De verdediging heeft primair niet-ontvankelijkverklaring van het openbaar ministerie in de strafvervolging bepleit, subsidiair vrijspraak en meer subsidiair schuldigverklaring zonder oplegging van straf of maatregel, althans een voorwaardelijke taakstraf of een taakstraf van zeer beperkte duur.
Vonnis waarvan beroep
Het beroepen vonnis zal worden vernietigd omdat het hof – anders dan de rechtbank – niet tot een bewezenverklaring komt.
Tenlastelegging
Aan de verdachte is ten laste gelegd dat:
hij op of omstreeks 29 juli 2010 in de gemeente Tilburg en/of Apeldoorn, althans in Nederland, opzettelijk een bij de Belastingwet voorziene aangifte, als bedoeld in de Algemene wet inzake rijksbelastingen, te weten een aangifte voor de inkomstenbelasting over het jaar 2009 (D-012, pag. 95 proces-verbaal) onjuist en/of onvolledig heeft gedaan, immers heeft verdachte opzettelijk op de bij de Inspecteur der belastingen of de Belastingdienst te Tilburg en/of Apeldoorn, in elk geval bij de Inspecteur der belastingen of Belastingdienst, ingeleverde aangifte inkomstenbelasting over genoemd jaar een te laag verzamelinkomen en/of een te lage belastbare winst, althans een te laag belastbaar bedrag, opgegeven, terwijl dat feit er toe strekte dat te weinig belasting werd geheven.
Ontvankelijkheid van het openbaar ministerie in de strafvervolging
De raadsman heeft niet-ontvankelijkverklaring van het openbaar ministerie in de strafvervolging bepleit.
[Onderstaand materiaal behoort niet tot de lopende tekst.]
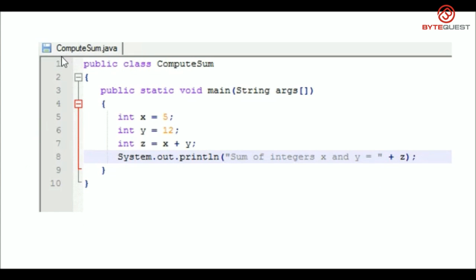Let's take a look at your computeSum.java code. Basically, you are taking two integers x and y and then summing it and storing the result in another integer named z and printing out the result.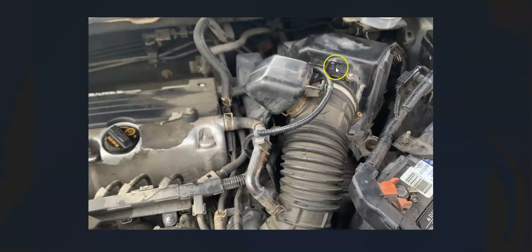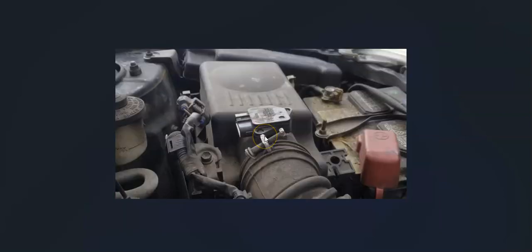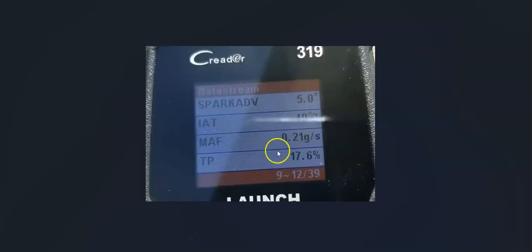The next thing to do is check out the mass airflow sensor — called the MAF sensor — which is located at the air intake box. This is the main sensor that monitors how much air is going into the engine. Check it out, make sure it's good, and check the wiring for any issues or blown fuses.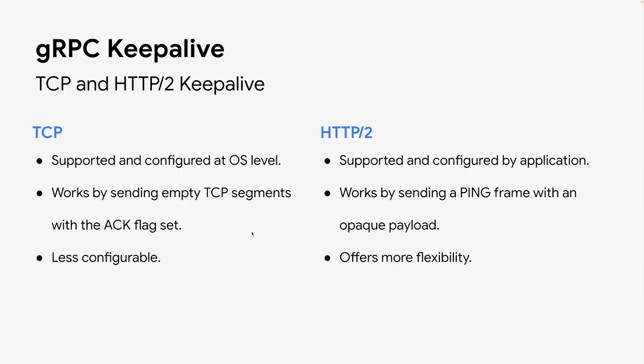How does gRPC keepalive work? You might have heard of TCP keepalive, which is configured on a per-socket basis. It's disabled by default, but when enabled,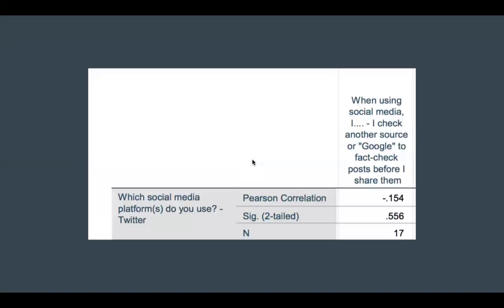The second test was a Pearson's correlation examining the frequency of respondents' Twitter use and whether they check another source or Google to fact-check a post before sharing it to social media. This had a negative inverse correlation — high Twitter use correlated with a low amount of fact-checking or Googling prior to sharing, which is interesting and lends a lot of information as to how people are interacting on social media.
Daartoe is – onder verwijzing naar de appelschriftuur – aangevoerd dat de strafvervolging van de verdachte op de navolgende twee punten in strijd is met de Aanmeldings-, Transactie- en Vervolgingsrichtlijnen voor fiscale delicten, douane- en toeslagendelicten 2010 (Stcrt. 2009, nr. 20351, kortweg: ATV-richtlijn 2010) [1] , hierna: de Richtlijn.
( a) Op grond van de Richtlijn dient bij de aanmelding, selectie en vervolgingsbeslissing te worden beoordeeld en vastgesteld of voor ten minste het drempelbedrag sprake is van opzet. Die beoordeling en vaststelling heeft niet kunnen plaatsvinden tijdens het tripartiete overleg (hierna: TPO), waarin is besloten de verdachte te vervolgen. Op dat moment, 9 februari 2012, was de visie (“fiscale opinie”) van belastingambtenaar [naam] over de toepassing van het recht immers nog niet bekend.
( b) Verdachtes beroep van belastingadviseur kan niet worden aangemerkt als een vervolgingsaspect in de betekenis van de Richtlijn. In dit verband heeft de raadsman aangevoerd dat de rechtbank in het kader van het bewijs van het opzet van de verdachte op het doen van een onjuiste belastingaangifte heeft overwogen dat hij tevoren advies bij een onafhankelijke deskundige had moeten inwinnen of vooroverleg met de inspecteur van de rijksbelastingdienst had moeten plegen. Nu de verdachte aldus door de rechtbank als een leek is behandeld, dient zijn beroep niet als statusfactor in de zin van de Richtlijn in beschouwing te worden genomen.
Het hof overweegt als volgt.
De Richtlijn houdt – voor zover hier van belang – het volgende in:

“4.3 Vervolgingsrichtlijnen

De vervolgingsrichtlijnen hebben – wat de AWR, de AWIR en de Invorderingswet 1990 aangaat – alleen betrekking op de opzettelijk begane strafbare feiten.
Hierbij gelden inzake fiscale, toeslag- en douanedelicten de volgende criteria:
Categorie I
In deze zaken is het nadeel dat aan opzet is te wijten ten minste het drempelbedrag en minder dan € 125.000. Ten minste één van de overige aspecten (hoofdstuk 5) is aan de orde.
Categorie II
In deze zaken is het nadeel dat aan opzet is te wijten € 125.000 of meer.
(…)
5.
Het nadeel en de overige aspecten
Het nadeel en overige aspecten
Deze lijst bevat de omvang van het nadeel en overige aspecten aan de hand waarvan beoordeeld wordt of het in de rede ligt dat een zaak strafrechtelijk afgedaan moet worden. (…)

Nadeel

Zaken kunnen aan het tripartiete overleg worden gemeld indien het nadeel ten minste € 10.000 (particulieren) of € 15.000 (ondernemers) bedraagt. (…)

Overige aspecten

1.
Status verdachte/voorbeeldfunctie
Hiermee wordt gedoeld op situaties waarin verdachte regionaal of landelijk een maatschappelijk aansprekende/bekende persoon is. Verder zou gedacht kunnen worden aan personen die een openbaar ambt bekleden (burgemeesters, wethouders of politieke vertegenwoordigers) of aan personen die beroepsmatig invloed hebben op het handelen van derden of op de financiële integriteit van geldstromen (rechters, advocaten,
adviseurs[onderstreping hof], notarissen, bankiers, effectenhandelaars). Er dient een relatie te zijn tussen de status en het gepleegde strafbare feit. Tevens moet het gaan om de actuele status ten tijde van de beslissing in het TPO. (…)”
Ad (a)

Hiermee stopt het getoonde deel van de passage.